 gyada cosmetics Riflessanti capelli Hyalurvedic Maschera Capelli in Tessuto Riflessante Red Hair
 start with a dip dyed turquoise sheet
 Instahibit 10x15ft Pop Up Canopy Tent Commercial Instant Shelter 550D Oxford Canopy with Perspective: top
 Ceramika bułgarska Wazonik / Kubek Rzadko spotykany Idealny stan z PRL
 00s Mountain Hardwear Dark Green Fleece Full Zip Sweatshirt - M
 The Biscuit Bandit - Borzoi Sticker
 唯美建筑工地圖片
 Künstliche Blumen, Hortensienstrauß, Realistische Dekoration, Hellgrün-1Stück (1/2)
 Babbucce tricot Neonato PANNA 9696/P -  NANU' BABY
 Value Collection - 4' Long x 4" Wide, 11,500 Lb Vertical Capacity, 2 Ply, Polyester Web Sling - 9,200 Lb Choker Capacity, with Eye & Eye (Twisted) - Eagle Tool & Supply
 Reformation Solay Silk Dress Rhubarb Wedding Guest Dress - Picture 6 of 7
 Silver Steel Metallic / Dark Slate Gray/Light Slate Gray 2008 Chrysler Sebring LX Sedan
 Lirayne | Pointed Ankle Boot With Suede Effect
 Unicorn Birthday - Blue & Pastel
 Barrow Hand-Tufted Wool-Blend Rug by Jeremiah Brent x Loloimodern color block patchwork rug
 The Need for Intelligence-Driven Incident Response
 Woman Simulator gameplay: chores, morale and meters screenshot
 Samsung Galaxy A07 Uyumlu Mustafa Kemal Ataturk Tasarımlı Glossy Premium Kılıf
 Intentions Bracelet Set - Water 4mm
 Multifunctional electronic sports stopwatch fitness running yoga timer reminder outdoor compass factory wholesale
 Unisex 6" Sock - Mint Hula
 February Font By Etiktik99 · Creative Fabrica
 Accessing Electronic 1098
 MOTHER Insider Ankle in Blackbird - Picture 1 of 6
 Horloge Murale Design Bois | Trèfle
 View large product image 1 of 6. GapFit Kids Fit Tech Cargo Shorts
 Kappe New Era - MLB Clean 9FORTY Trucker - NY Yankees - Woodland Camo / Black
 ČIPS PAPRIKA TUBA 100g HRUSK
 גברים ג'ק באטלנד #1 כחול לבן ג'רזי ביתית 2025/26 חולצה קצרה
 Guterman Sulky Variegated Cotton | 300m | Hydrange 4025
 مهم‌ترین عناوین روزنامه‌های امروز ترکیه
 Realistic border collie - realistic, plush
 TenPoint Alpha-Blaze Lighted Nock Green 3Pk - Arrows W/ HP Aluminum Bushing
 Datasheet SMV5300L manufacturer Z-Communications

-=-=-=-=-

◆ Task to complete ◆
Set down the line holding "ČIPS PAPRIKA TUBA 100g HRUSK" and all later lines through the last one in the material above, exactly, and no other lines.

◆ Reply to the task ◆
 ČIPS PAPRIKA TUBA 100g HRUSK
 גברים ג'ק באטלנד #1 כחול לבן ג'רזי ביתית 2025/26 חולצה קצרה
 Guterman Sulky Variegated Cotton | 300m | Hydrange 4025
 مهم‌ترین عناوین روزنامه‌های امروز ترکیه
 Realistic border collie - realistic, plush
 TenPoint Alpha-Blaze Lighted Nock Green 3Pk - Arrows W/ HP Aluminum Bushing
 Datasheet SMV5300L manufacturer Z-Communications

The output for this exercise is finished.